Тип третий — роскошный, драгоценный, «ковровый». Это идеал жилища на Ближнем и Среднем Востоке. Такое жилище описано в сказках «Тысячи и одной ночи»: «И я нашла открытую дверь и вошла в нее, и за нею оказалось помещение, возвышающееся на семь ступенек, и я увидела, что этот покой вымощен мрамором и устлан коврами, шитыми золотом. И там оказалось ложе из можжевельника, выложенное жемчугом и дра-гоценностями, с двумя изумрудами величиной с гранат, и над ним был опущен полог, унизанный жемчугом... И на этом ложе были постланы всевозможные шелка, приводившие в смятение смотрящего...»

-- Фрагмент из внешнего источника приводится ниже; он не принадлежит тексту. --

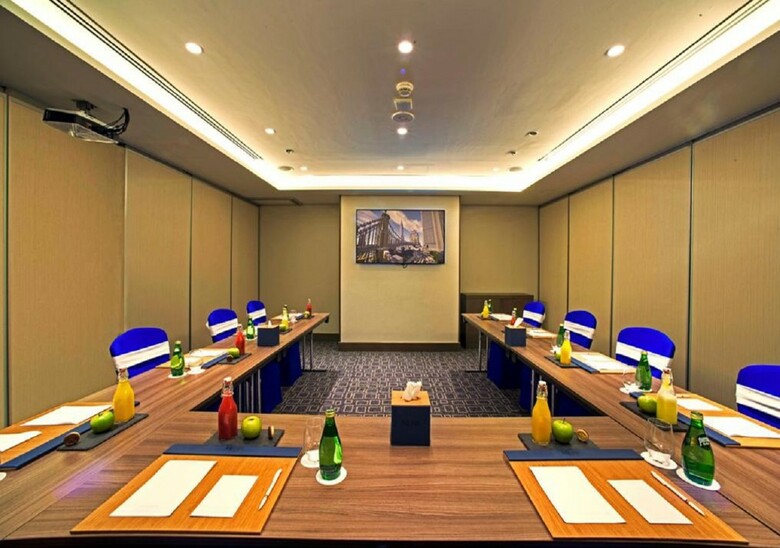 Mena Plaza Hotel Albarsha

Такой тип жилища можно назвать «царским». Персидские цари, арабские шахи и султаны, византийские кесари окружали себя именно такой обстановкой, где главными предметами убранства были ковры и ткани. Мебели было совсем немного — троны да «ложа из можжевельника». Жилища всех прочих слоев населения этого региона отличались от царских лишь «количественно» — размерами, стоимостью убранства и утвари, но принцип организации пространства и декорирования оставался тем же. Такой «ковровый» интерьер можно увидеть еще и сейчас в кибитках туркменских пастухов.

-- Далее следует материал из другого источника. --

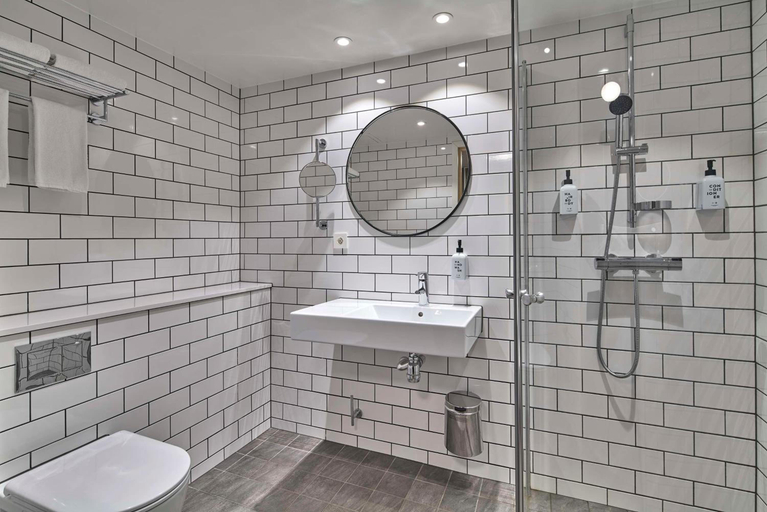Bathroom 4, Scandic Rubinen Goteborg, Göteborg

Тип четвертый на первый взгляд имеет сходство с третьим. Это тоже «жилище, что строилось для веселья», для отдыха и наслаждения жизнью. В нем доведено до предела то, что называется уютом, причем уют соединяется с роскошью. К этому типу мы отнесем интерьеры городских жилых домов буржуазии середины и второй половины XIX в. — того периода, когда классицизм выродился в эклектику, а «новый стиль» еще не появился. Интерьер этого типа можно назвать «буржуазным». Здесь торжествует вещь — пространство полностью уничтожено множеством вещей, долженствующих ублажать своих хозяев и служить их прихотям. Кроме того, вещи должны свидетельствовать о достатке хозяев, убеждать и их самих и гостей в прочности их имущественного и социального положения, поэтому вещи массивны, тяжеловесны, украшены крупными орнаментами, позолотой, бахромой, лаком.
Вот, например, что наполняло квартиры имущих людей в Англии середины XIX в.: «... мягкая мебель с гнутыми спинками; чрезмерно пышные ковры с богатым узором; букеты роз на обоях; тяжелые, похожие на „стенобитные орудия“ карнизы из красного дерева, отделанные позолоченной бронзой; шторы, украшенные бахромой и гирляндами; имитация дорогого дерева и отделка „под мрамор“; саксонские и севрские сервизы; тяжелые, бесконечно длинные обеденные столы красного дерева».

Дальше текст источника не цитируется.